Launched in 1997 from Cape Canaveral, Florida, the Cassini-Huygens mission took about seven years to reach the ringed planet. Made up of NASA's Cassini orbiter and the European Space Agency's Huygens probe, it gathered data that transformed our understanding of Saturn and its moons, and even gave us a tantalizing glimpse of Jupiter.

One of Cassini's most exciting revelations came in 2006, when scientists announced they had discovered evidence for liquid water on Saturn's moon, Enceladus. More than a decade of subsequent research into the strange satellite has fuelled speculation it could harbor alien life.

The last leg of Cassini's journey, dubbed the "Grand Finale" by NASA, saw the craft dip between the planet and its rings 22 times before plummeting to its death in the skies of Saturn.

Over its lifetime, Cassini's raw images provided the ingredients for a stunning window into Saturn and its moons. The spacecraft revealed the planet's rings like never before, and even captured the gas giant's dancing aurora in motion.
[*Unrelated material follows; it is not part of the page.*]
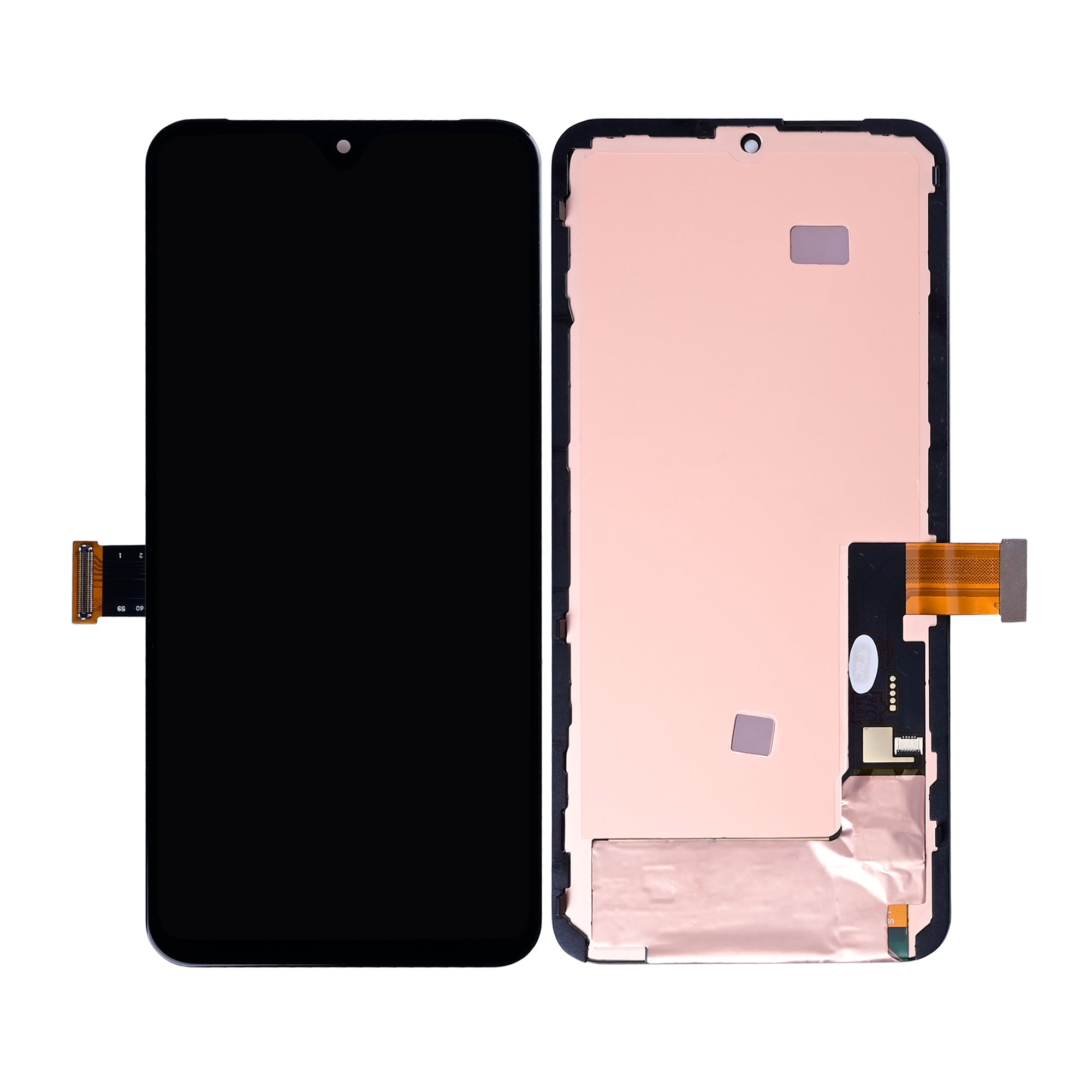Google Pixel 8 Display And Digitizer Without Frame Black Soft-OLED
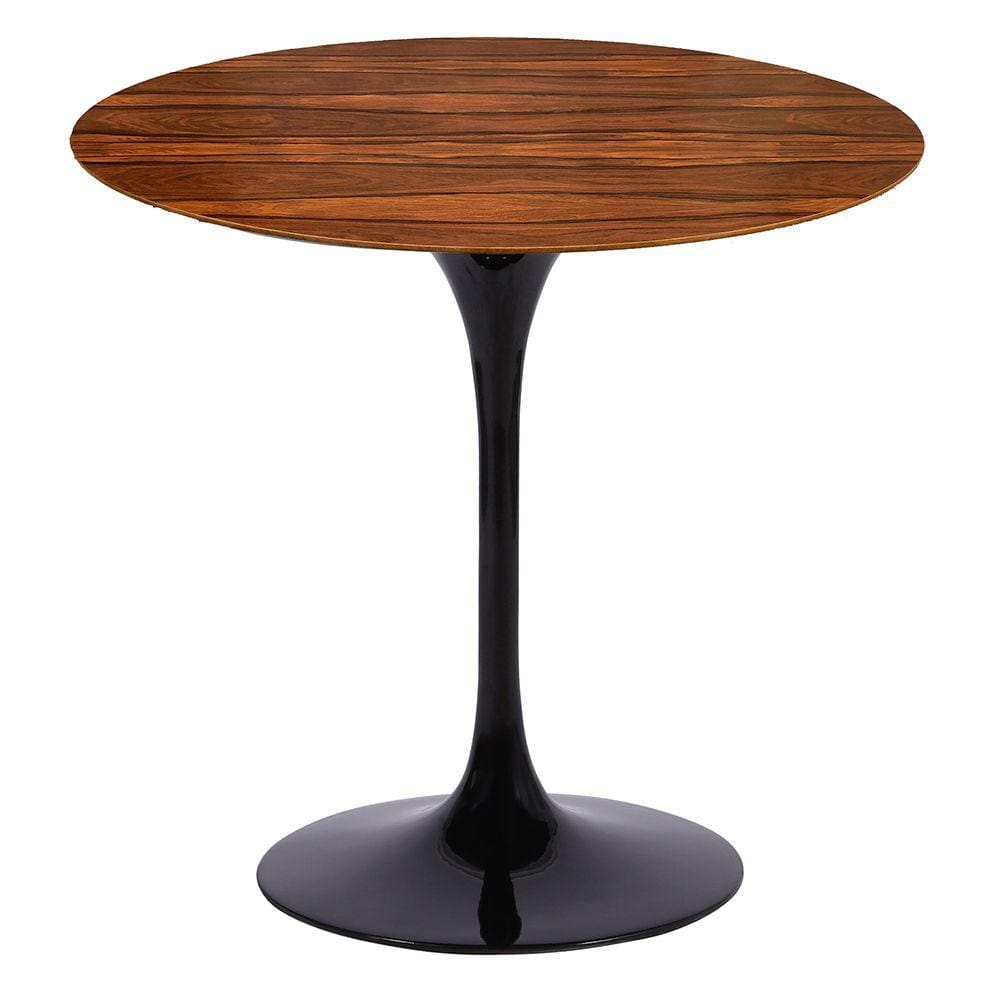 Mesa Saarinen Redonda Pau Ferro 137cm - Base Preta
It's unclear how future investigations into the ringed planet will look. But there are plenty of exciting missions to other planets on the horizon. The European Space Agency and the Japan Aerospace Exploration Agency are set to launch a mission to Mercury later this year. In November, NASA's InSight craft is set to land on Mars, and in 2021, the Red Planet is set to welcome another trundling explorer to its dusty surface—the ExoMars Rover.